* **WHAT THE EXERCISE ASKS**
Print the data that follows exactly as it stands, from its first line through the line containing "BMW 530 5-serie", and stop there.

(STORED DATA)

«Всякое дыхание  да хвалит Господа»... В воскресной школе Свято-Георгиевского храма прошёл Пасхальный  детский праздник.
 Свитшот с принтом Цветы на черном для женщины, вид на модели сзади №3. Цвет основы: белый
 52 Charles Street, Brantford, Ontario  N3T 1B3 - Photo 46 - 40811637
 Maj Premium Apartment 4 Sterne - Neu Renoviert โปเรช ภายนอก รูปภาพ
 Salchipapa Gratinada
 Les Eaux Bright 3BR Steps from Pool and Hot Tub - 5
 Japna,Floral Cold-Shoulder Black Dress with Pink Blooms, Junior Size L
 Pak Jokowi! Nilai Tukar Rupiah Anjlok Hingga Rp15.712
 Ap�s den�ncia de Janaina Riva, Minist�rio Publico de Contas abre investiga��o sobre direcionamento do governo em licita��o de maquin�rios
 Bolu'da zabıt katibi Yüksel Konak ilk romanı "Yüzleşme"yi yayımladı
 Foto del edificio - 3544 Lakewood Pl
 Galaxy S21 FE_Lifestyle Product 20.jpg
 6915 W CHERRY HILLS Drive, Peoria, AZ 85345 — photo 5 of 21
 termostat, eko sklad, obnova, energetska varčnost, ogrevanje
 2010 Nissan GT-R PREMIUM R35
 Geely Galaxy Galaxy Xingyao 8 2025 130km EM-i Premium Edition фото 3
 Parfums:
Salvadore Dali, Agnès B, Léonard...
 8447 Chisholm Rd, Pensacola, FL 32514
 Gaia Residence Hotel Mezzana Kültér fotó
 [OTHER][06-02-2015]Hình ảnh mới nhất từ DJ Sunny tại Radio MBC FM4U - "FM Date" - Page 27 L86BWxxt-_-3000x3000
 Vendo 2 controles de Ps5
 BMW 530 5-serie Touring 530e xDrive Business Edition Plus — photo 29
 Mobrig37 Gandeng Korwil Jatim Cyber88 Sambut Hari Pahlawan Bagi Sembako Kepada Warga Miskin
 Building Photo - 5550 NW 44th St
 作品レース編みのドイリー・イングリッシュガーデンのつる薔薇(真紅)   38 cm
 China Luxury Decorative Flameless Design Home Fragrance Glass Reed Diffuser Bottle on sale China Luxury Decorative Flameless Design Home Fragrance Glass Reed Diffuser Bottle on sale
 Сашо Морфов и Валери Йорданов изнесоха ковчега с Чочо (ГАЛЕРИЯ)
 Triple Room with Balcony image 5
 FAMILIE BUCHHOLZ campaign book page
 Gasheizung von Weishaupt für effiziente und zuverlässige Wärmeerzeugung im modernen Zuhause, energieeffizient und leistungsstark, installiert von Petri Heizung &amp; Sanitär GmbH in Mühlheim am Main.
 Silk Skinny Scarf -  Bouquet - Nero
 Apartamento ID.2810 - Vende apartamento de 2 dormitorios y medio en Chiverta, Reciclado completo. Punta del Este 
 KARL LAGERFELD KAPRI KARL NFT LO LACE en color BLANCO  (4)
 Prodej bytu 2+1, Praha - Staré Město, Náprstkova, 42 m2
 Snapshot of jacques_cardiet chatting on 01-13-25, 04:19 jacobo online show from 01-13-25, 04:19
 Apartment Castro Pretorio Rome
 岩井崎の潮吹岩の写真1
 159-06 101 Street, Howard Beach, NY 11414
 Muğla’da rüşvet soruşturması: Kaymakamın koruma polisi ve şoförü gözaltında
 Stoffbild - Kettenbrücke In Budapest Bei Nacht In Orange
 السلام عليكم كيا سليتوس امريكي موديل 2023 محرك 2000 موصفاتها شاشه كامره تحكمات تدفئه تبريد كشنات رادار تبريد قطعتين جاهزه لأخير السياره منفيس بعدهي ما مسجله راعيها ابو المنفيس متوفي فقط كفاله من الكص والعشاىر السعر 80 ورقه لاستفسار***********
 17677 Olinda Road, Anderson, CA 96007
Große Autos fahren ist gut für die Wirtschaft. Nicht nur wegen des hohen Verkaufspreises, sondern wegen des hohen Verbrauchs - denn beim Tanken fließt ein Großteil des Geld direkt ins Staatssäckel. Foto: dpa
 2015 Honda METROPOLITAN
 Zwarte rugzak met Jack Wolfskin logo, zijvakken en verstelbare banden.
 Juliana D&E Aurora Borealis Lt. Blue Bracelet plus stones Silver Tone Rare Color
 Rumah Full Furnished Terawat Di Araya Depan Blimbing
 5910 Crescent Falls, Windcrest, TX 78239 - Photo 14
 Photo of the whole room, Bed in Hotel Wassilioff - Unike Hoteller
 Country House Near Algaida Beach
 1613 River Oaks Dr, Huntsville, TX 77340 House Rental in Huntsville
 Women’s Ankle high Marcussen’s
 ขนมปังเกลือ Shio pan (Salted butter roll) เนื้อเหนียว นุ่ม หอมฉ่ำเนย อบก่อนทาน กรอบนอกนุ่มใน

(End STORED DATA)

* **WRITTEN REPLY**
«Всякое дыхание  да хвалит Господа»... В воскресной школе Свято-Георгиевского храма прошёл Пасхальный  детский праздник.
 Свитшот с принтом Цветы на черном для женщины, вид на модели сзади №3. Цвет основы: белый
 52 Charles Street, Brantford, Ontario  N3T 1B3 - Photo 46 - 40811637
 Maj Premium Apartment 4 Sterne - Neu Renoviert โปเรช ภายนอก รูปภาพ
 Salchipapa Gratinada
 Les Eaux Bright 3BR Steps from Pool and Hot Tub - 5
 Japna,Floral Cold-Shoulder Black Dress with Pink Blooms, Junior Size L
 Pak Jokowi! Nilai Tukar Rupiah Anjlok Hingga Rp15.712
 Ap�s den�ncia de Janaina Riva, Minist�rio Publico de Contas abre investiga��o sobre direcionamento do governo em licita��o de maquin�rios
 Bolu'da zabıt katibi Yüksel Konak ilk romanı "Yüzleşme"yi yayımladı
 Foto del edificio - 3544 Lakewood Pl
 Galaxy S21 FE_Lifestyle Product 20.jpg
 6915 W CHERRY HILLS Drive, Peoria, AZ 85345 — photo 5 of 21
 termostat, eko sklad, obnova, energetska varčnost, ogrevanje
 2010 Nissan GT-R PREMIUM R35
 Geely Galaxy Galaxy Xingyao 8 2025 130km EM-i Premium Edition фото 3
 Parfums:
Salvadore Dali, Agnès B, Léonard...
 8447 Chisholm Rd, Pensacola, FL 32514
 Gaia Residence Hotel Mezzana Kültér fotó
 [OTHER][06-02-2015]Hình ảnh mới nhất từ DJ Sunny tại Radio MBC FM4U - "FM Date" - Page 27 L86BWxxt-_-3000x3000
 Vendo 2 controles de Ps5
 BMW 530 5-serie Touring 530e xDrive Business Edition Plus — photo 29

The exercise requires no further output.